- Exercise description: Transcribe word for word the section of the records below that opens with the line containing "Grow Young Fitness" and closes with the line containing "Las imágenes de la tractorada de este lunes"; drop every picture.

- Information:

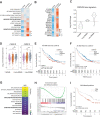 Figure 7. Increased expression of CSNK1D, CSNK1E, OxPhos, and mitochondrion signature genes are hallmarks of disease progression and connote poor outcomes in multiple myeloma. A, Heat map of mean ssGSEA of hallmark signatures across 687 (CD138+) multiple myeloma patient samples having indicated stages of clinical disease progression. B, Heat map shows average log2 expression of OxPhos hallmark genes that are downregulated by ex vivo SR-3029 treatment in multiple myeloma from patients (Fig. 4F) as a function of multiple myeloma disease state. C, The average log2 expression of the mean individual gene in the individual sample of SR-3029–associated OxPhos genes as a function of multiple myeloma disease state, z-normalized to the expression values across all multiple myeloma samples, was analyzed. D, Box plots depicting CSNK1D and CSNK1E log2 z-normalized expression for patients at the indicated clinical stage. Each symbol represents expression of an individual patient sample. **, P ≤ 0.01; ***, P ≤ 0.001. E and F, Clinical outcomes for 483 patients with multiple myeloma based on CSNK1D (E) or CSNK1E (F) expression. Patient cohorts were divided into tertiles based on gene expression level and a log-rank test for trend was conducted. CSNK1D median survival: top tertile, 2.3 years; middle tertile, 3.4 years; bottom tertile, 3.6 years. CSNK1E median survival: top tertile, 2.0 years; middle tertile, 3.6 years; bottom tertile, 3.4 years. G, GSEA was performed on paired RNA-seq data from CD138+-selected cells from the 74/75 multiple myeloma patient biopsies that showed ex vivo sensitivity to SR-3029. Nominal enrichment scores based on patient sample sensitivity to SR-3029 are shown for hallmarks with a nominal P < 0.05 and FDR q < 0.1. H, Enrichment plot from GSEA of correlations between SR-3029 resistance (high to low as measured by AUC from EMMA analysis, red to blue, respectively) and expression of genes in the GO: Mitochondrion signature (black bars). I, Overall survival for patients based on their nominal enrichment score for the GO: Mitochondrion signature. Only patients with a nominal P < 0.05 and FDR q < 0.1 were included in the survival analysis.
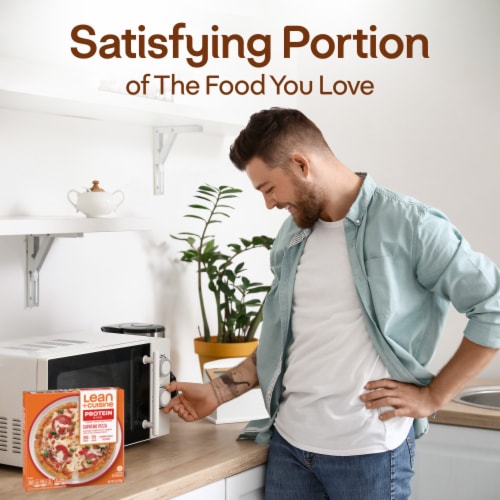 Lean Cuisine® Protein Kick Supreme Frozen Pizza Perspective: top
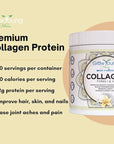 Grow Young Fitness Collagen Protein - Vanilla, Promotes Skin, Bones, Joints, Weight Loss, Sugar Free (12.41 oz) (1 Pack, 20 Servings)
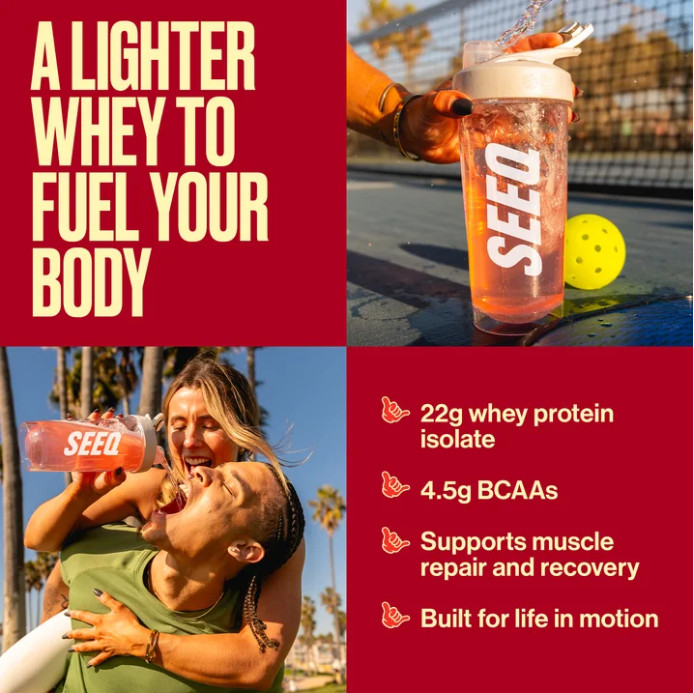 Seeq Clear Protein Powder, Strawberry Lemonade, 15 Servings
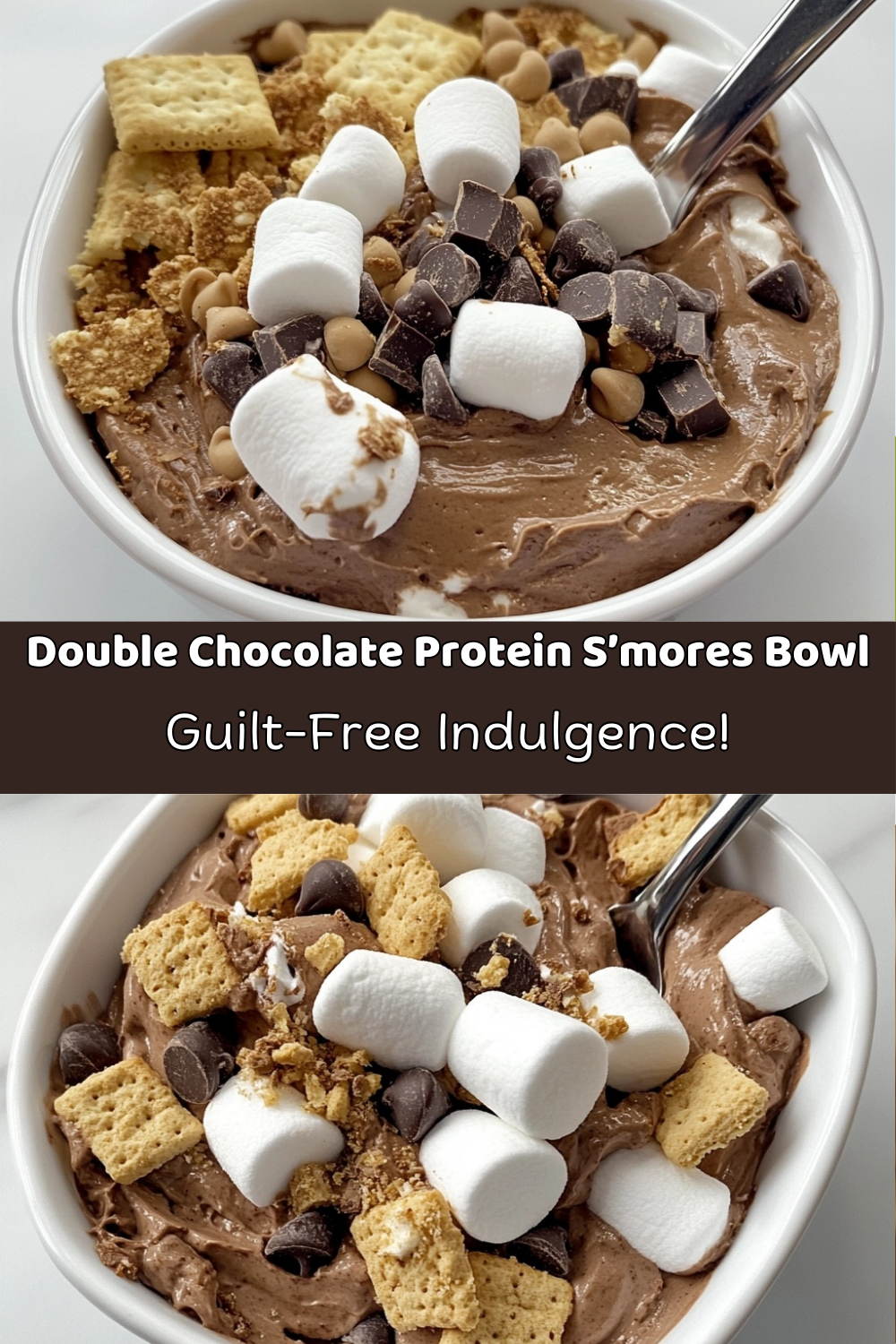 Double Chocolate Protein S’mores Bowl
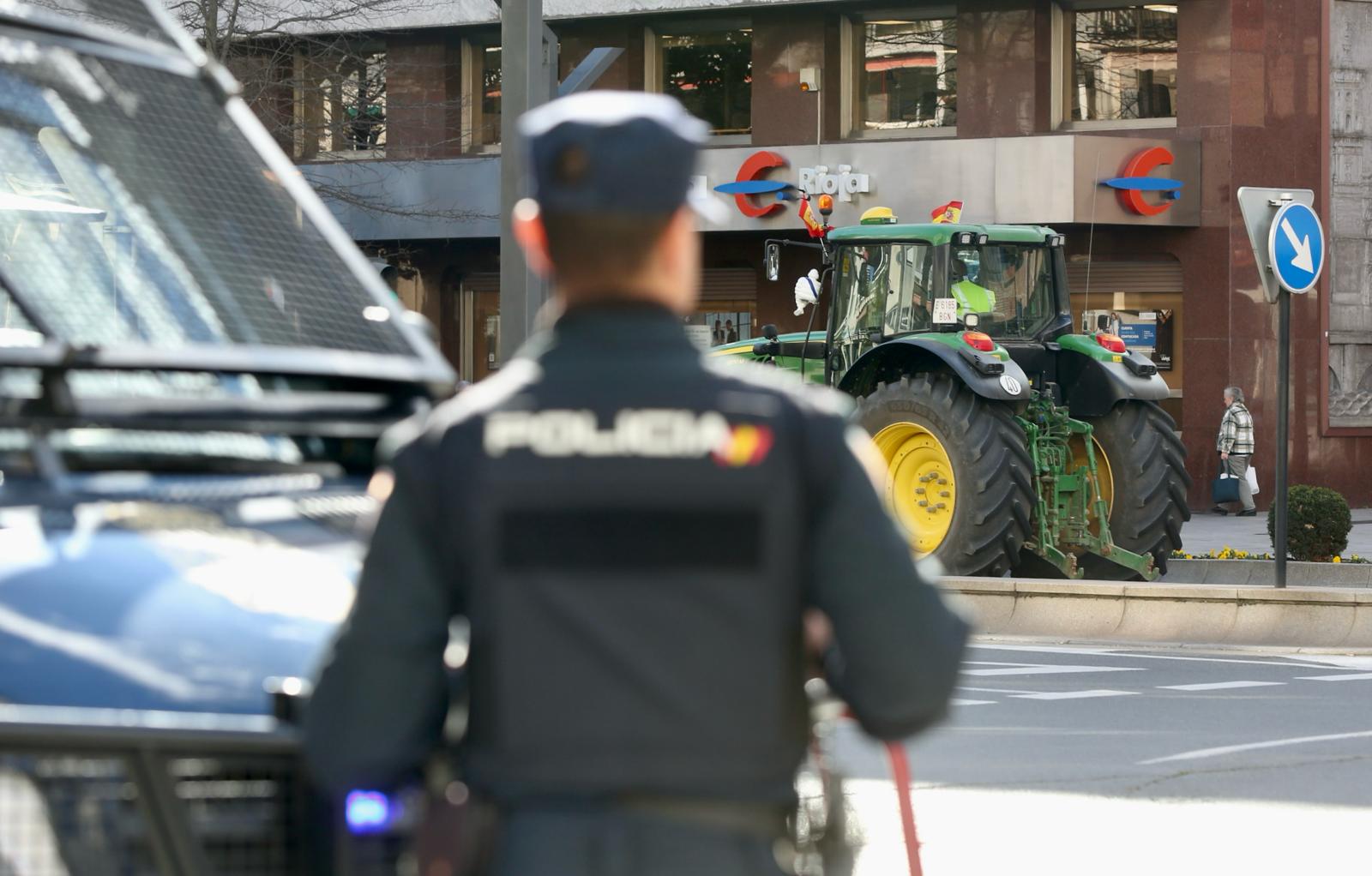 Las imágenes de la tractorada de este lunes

* * *

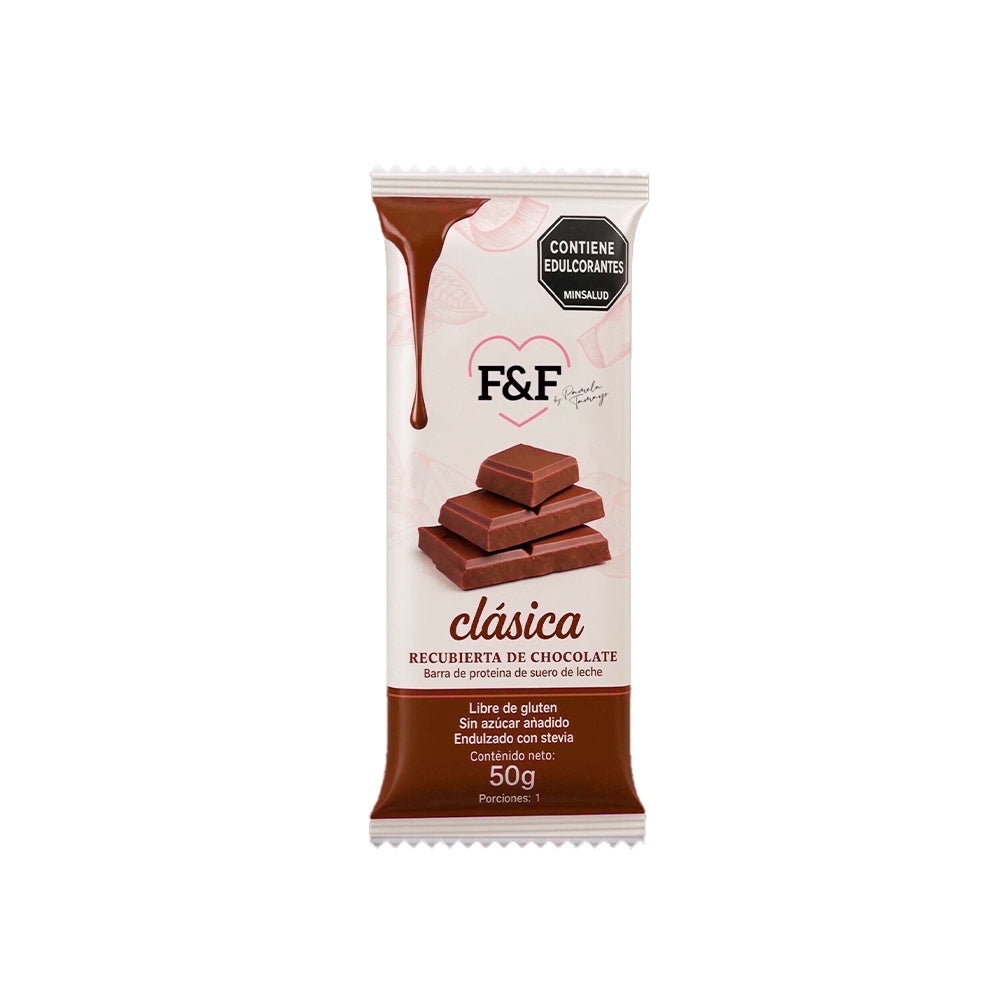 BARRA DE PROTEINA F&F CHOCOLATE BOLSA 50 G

- Solution for this problem:
 Grow Young Fitness Collagen Protein - Vanilla, Promotes Skin, Bones, Joints, Weight Loss, Sugar Free (12.41 oz) (1 Pack, 20 Servings)
 Seeq Clear Protein Powder, Strawberry Lemonade, 15 Servings
 Double Chocolate Protein S’mores Bowl
 Las imágenes de la tractorada de este lunes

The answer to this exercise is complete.